Sunday 7 April 2024

The pursuit of happiness


Five suggestions for how to be happy, based on replies to questionnaires by people who had completed the Bristol University 'science of happiness' course:

Talk to strangers

Spend more of your money on others

Spend time in nature

Count your blessings

Be kind to others.

A separate report, the World Happiness Report found that in the UK people over 60 are the happiest; those aged 25 to 44 the least happy. Around the world people aged 15 to 24 reported higher life satisfaction than adults aged 25 and older. However, fewer young people in Western Europe and North America report themselves as happy than in previous years.

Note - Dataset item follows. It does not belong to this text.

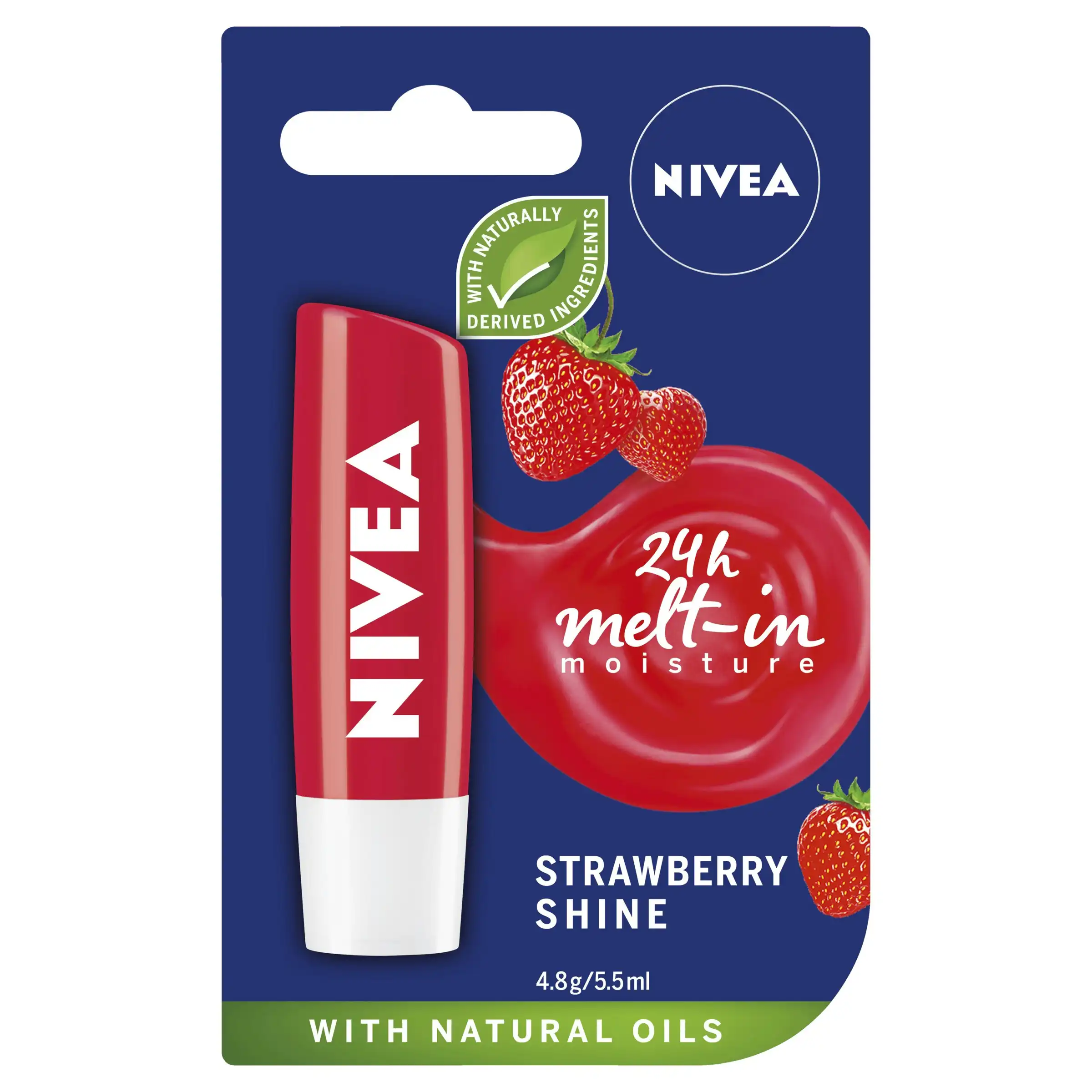 Nivea Lip Care Strawberry Shine 4.8G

"Piecing together the available data on the well-being of children and adolescents around the world, we documented disconcerting drops especially in North America and Western Europe," Jan-Emmanuel De Neve, director of Oxford’s Well-being Research Centre and an editor of the World Happiness Report, said. "To think that, in some parts of the world, children are already experiencing the equivalent of a mid-life crisis demands immediate policy action".

I wonder why policy action is required and by whom. By the state and international organisations, one presumes, but why is it the state's business?


  1. Oh for those post sepia photographs [black and white] of us baby boomers. We only had nuclear annihilation to concern us. Unfortunately we will leave a world much worse than we found it to our children and grandchildren.

  2. At least we thought that nuclear annihilation was something that could be avoided - it was up to governments and we still believed governments had to respond to the public will. Now the education system terrifies children with the threat of climate catastrophe, and it's somehow up to them to make thousands of small sacrifices, which they never see having any effect. And so many other things going on, which give them no psychological resilience, or expectation that they can achieve the standard of living of their parents.

  3. Sounds somewhat infantilising. Of the five points I do approve of the suggestion to spend more time in nature though.